History
It was originally founded in 1850 as the Berliner Musikschule by Julius Stern, Theodor Kullak and Adolf Bernhard Marx. Kullak withdrew from the conservatory in 1855 in order to create a new academy of sculpture and three-dimensional art. With Marx's withdrawal in 1856, the conservatory came exclusively under the Stern family and adopted its name. In 1894 it was taken over by Gustav Hollaender (the uncle of film composer Friedrich Hollaender), who moved the school's location to the Berlin Philharmonic concert hall on Bernburger Strasse in Berlin-Kreuzberg.
In the course of the Gleichschaltung process, the Stern Academy in 1936 was renamed Konservatorium der Reichshauptstadt Berlin controlled by the Nazi regime. Gustav Hollaender's heirs were disseized, but for a few years they were able to run a "Jewish Private Music School Hollaender" until they were deported and murdered in 1941.

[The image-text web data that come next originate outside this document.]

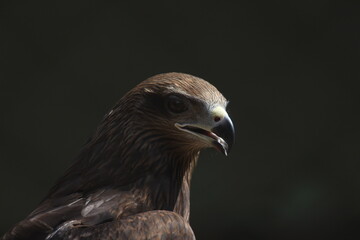 portrait of a vulture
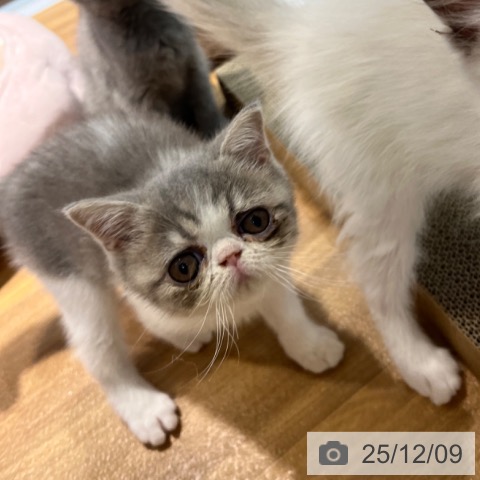 大阪府のエキゾチック (ペットプラス りんくう泉南店/2025年9月27日生まれ/男の子/ブルータビーホワイト)の子猫の4枚目の画像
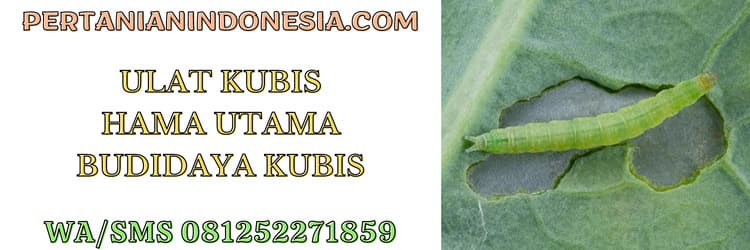 ulat,kubis,hama,tanaman,tanaman kubis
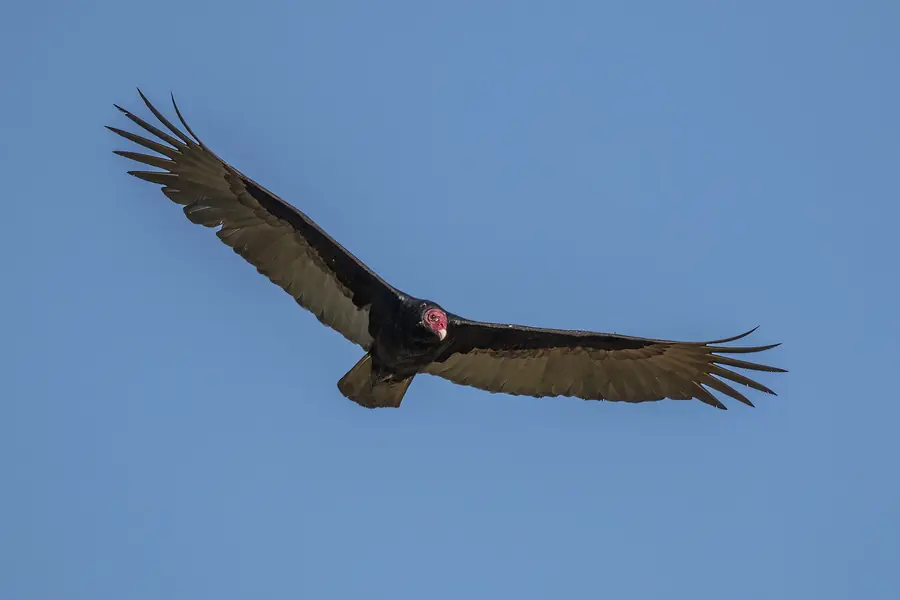 Un vautour en vol
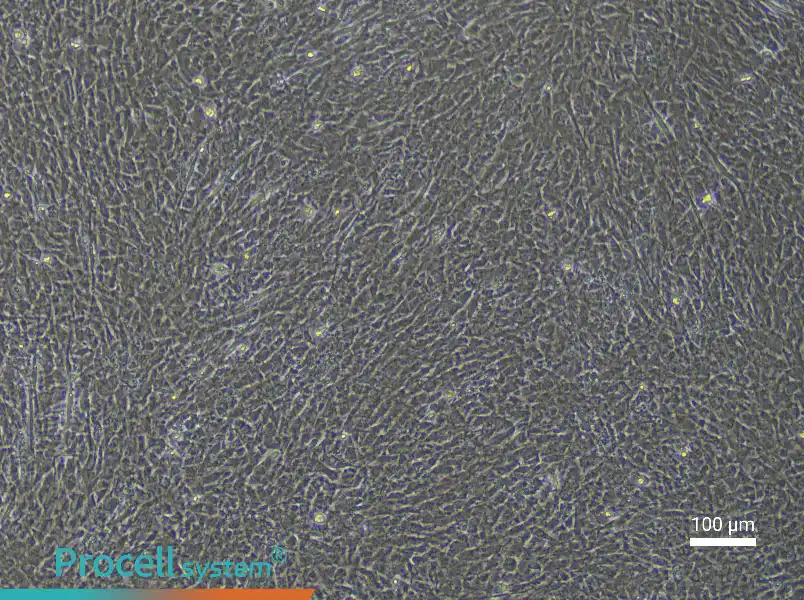 Rat Embryonic Limb Bud Mesenchymal Stem Cell Complete Medium - 3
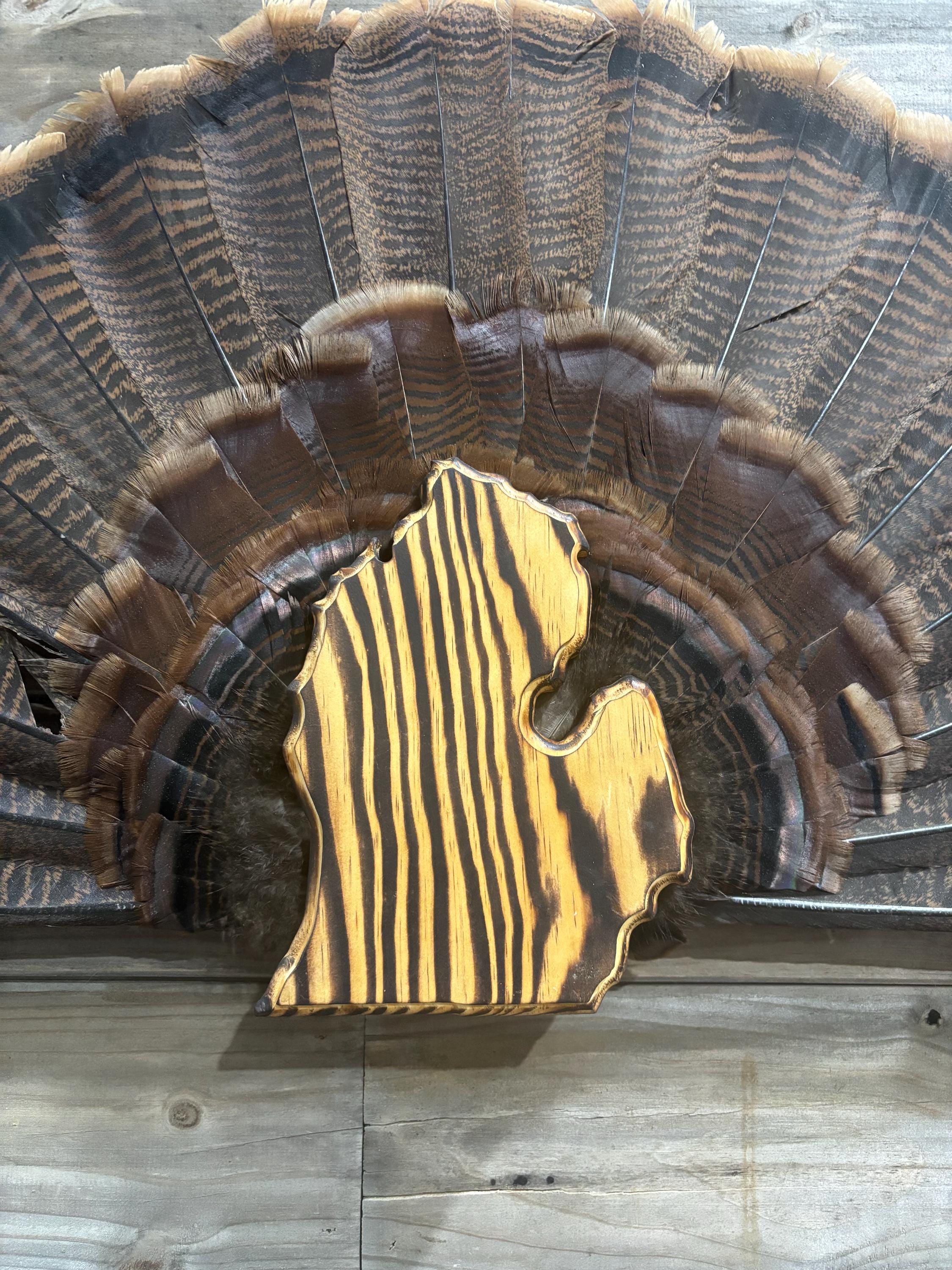 Michigan Turkey Fan Plaque (Lower Peninsula)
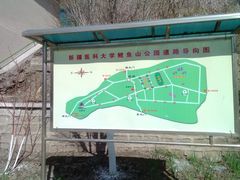 -鲤鱼山公园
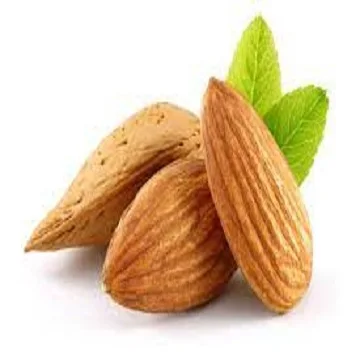bulk almond wholesale price for almond nuts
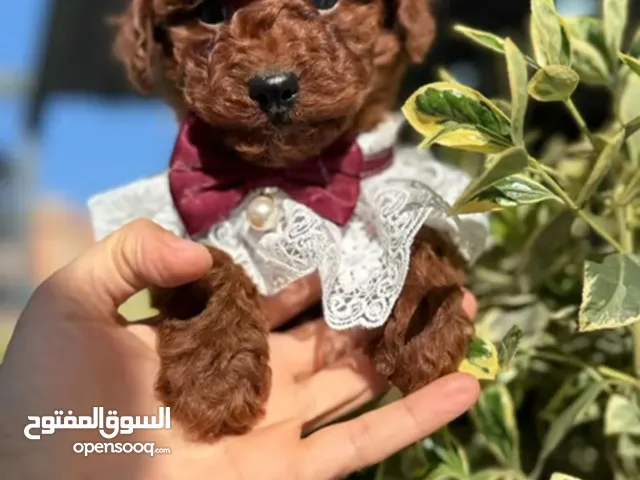 korean toy poodle T_cup now in Jordan كورين توي بودل تيكب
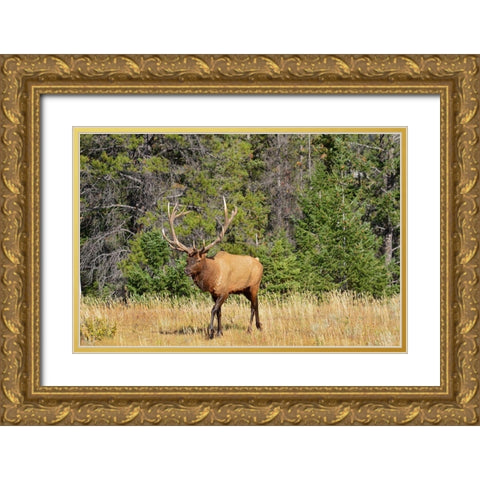 Canada-Alberta-Jasper National Park Male elk walking Gold Ornate Wood Framed Art Print with Double Matting by Jaynes Gallery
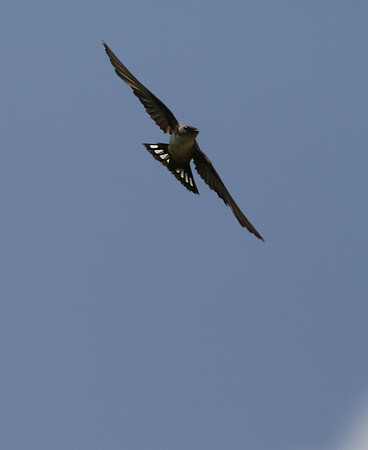 Crag martin, Picos de Europa, Spain - August 2014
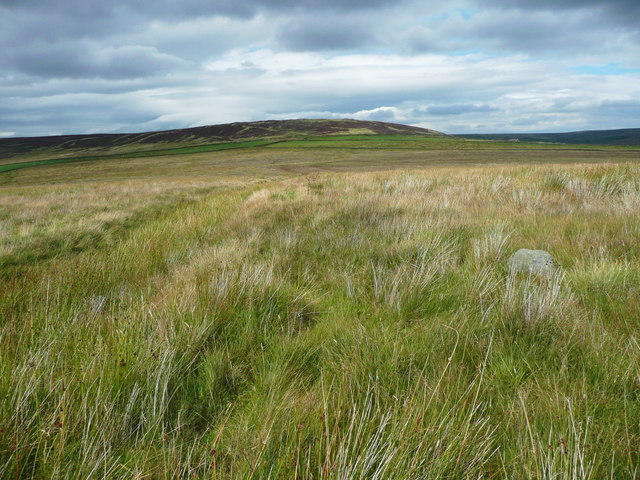 A wide ditch alongside Wadsworth FP44 on Black Hill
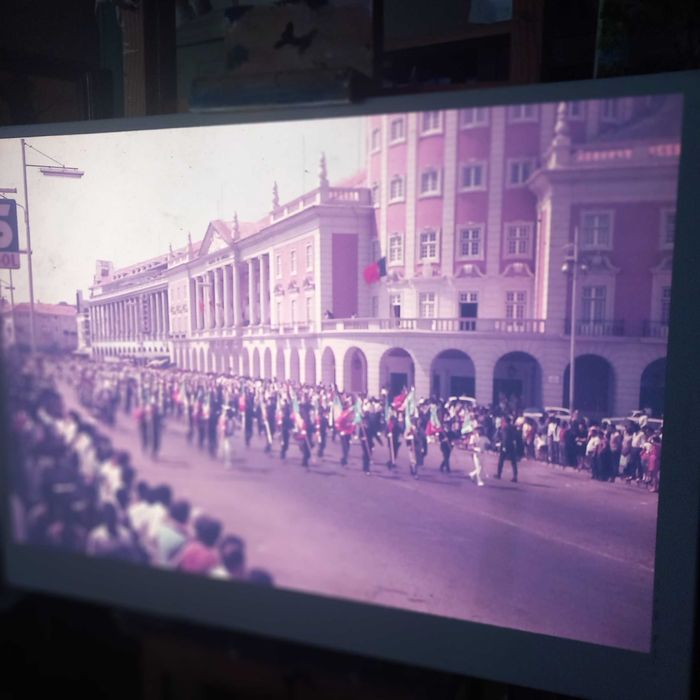 Conjunto de oito slides vintage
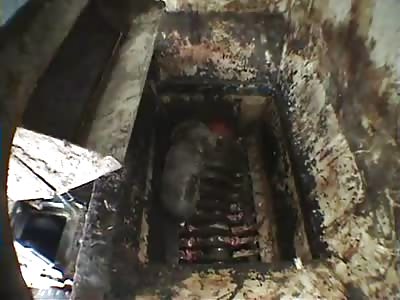 Happy animals VS Meat Grinder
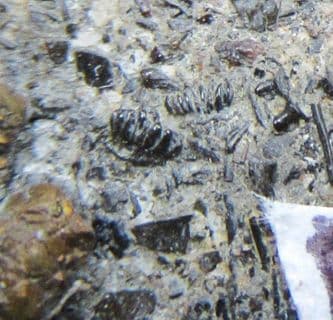 Ctenacanthoid compound scales  from the Triassic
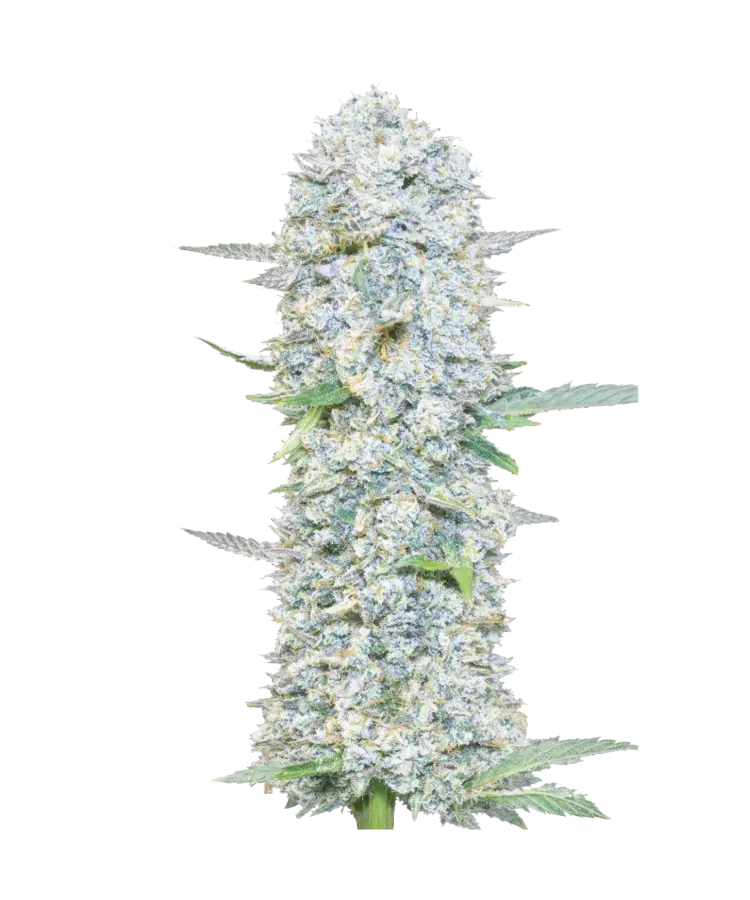 American Pie 2.0 cannabis strain by Hypno Seeds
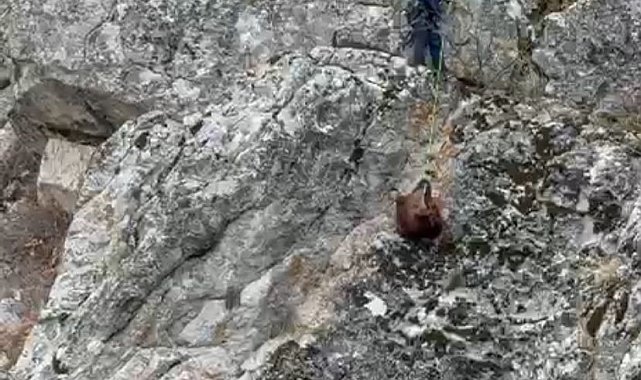 Burdur'da mahsur kalan keçiler ekipler tarafından kurtarıldı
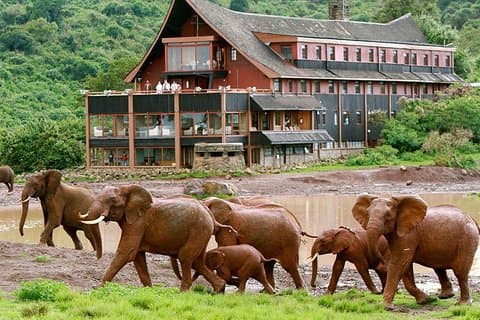 Privado de 5 dias Aberdares Ol Pejeta Conservancy e Samburu Wildlife Safari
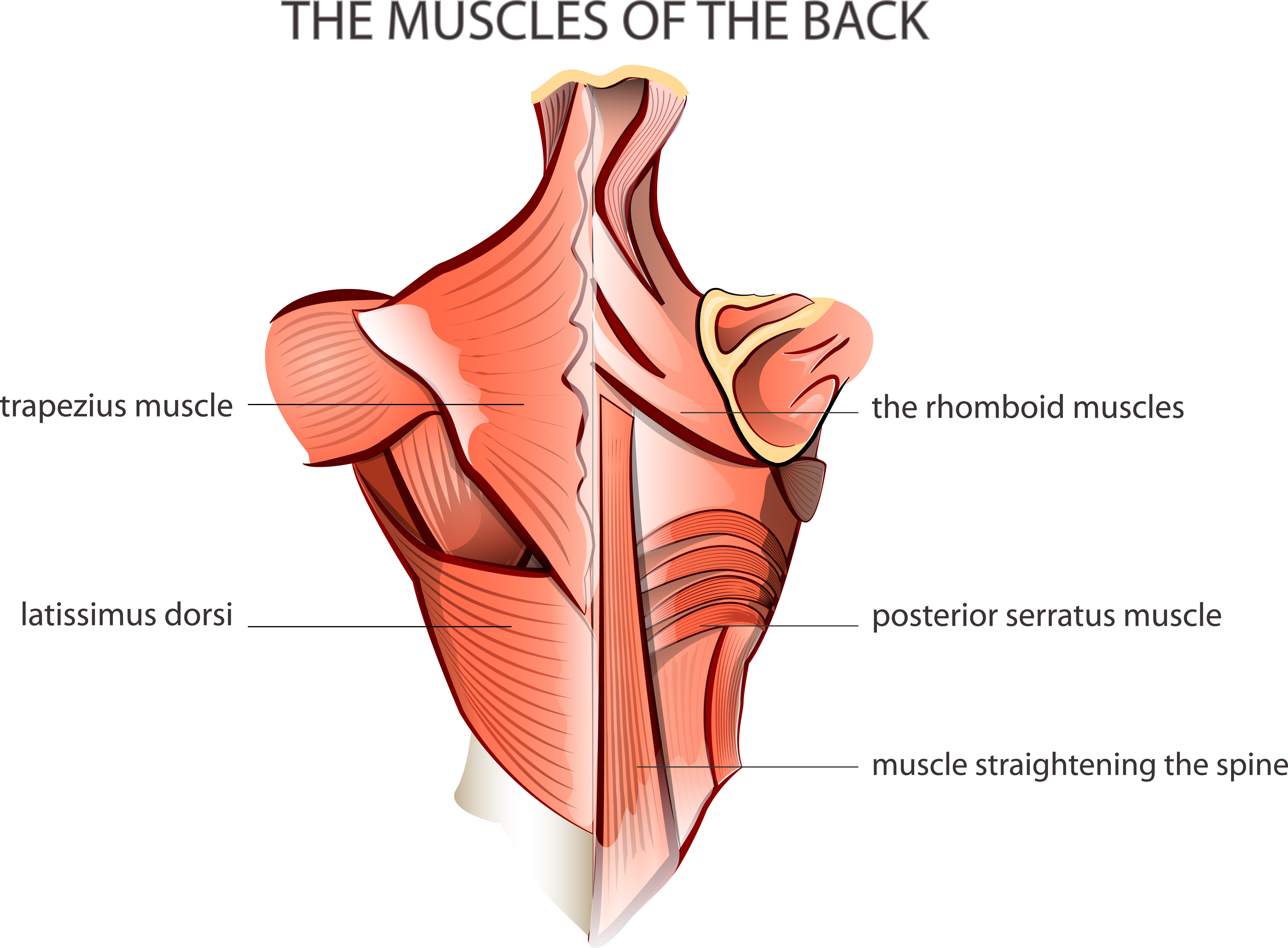 How back muscles are built?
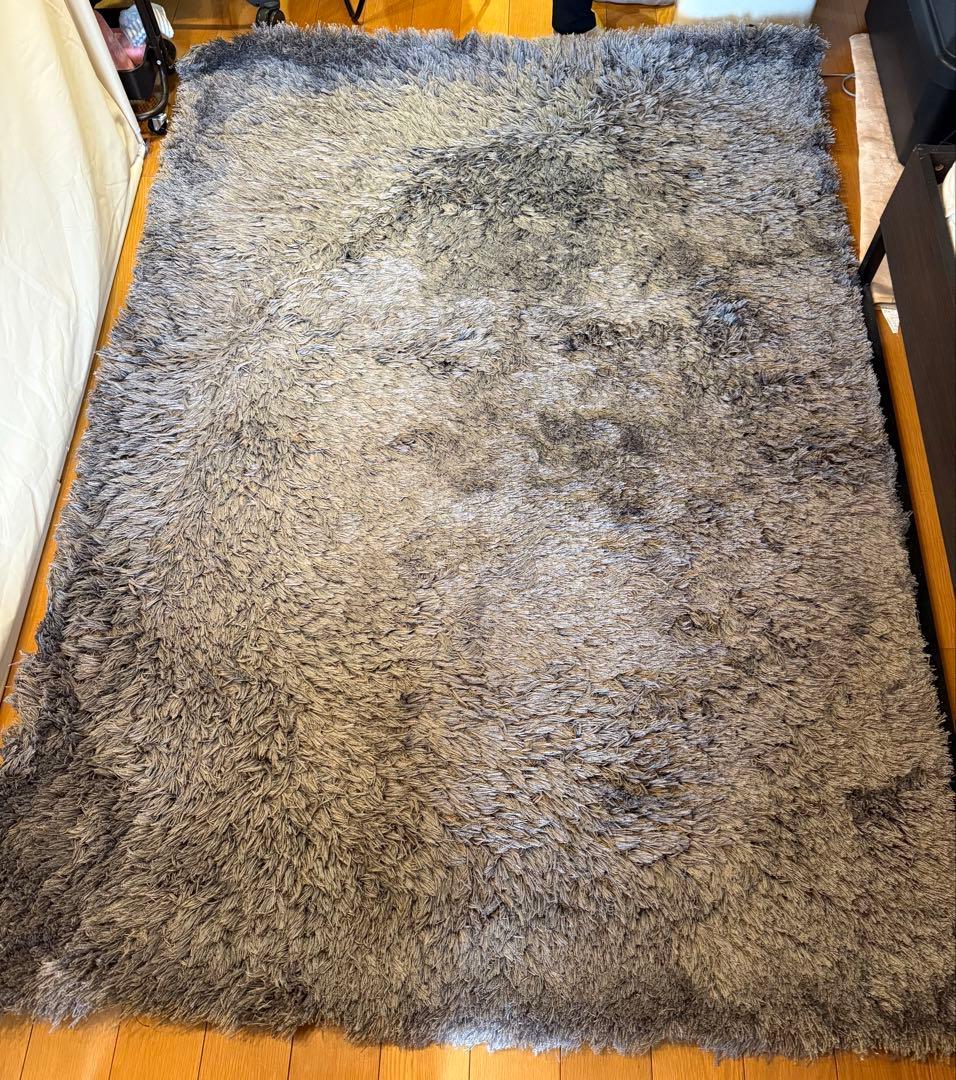 ACTUS アクタス ラグ 1700 × 2400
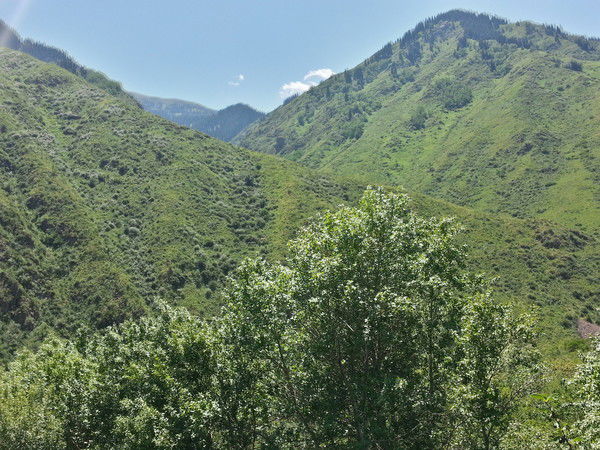 Бибигуль Тутаева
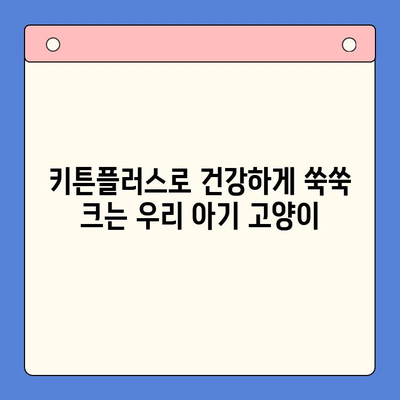 키튼플러스, 합리적인 가격으로 성장기 고양이 영양 관리 | 키튼플러스, 고양이 영양제, 성장, 건강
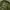 Streetwear Bomber jacket Pria green photo 2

After the end of the Second World War in 1945, the school was again renamed as the Städtisches Konservatorium (City Conservatory) in what was to become West Berlin. In 1966 it was merged with the public Akademische Hochschule für Musik into the Staatliche Hochschule für Musik und Darstellende Kunst (Berlin State School of Music and the Performing Arts), since 2001 the Berlin University of the Arts.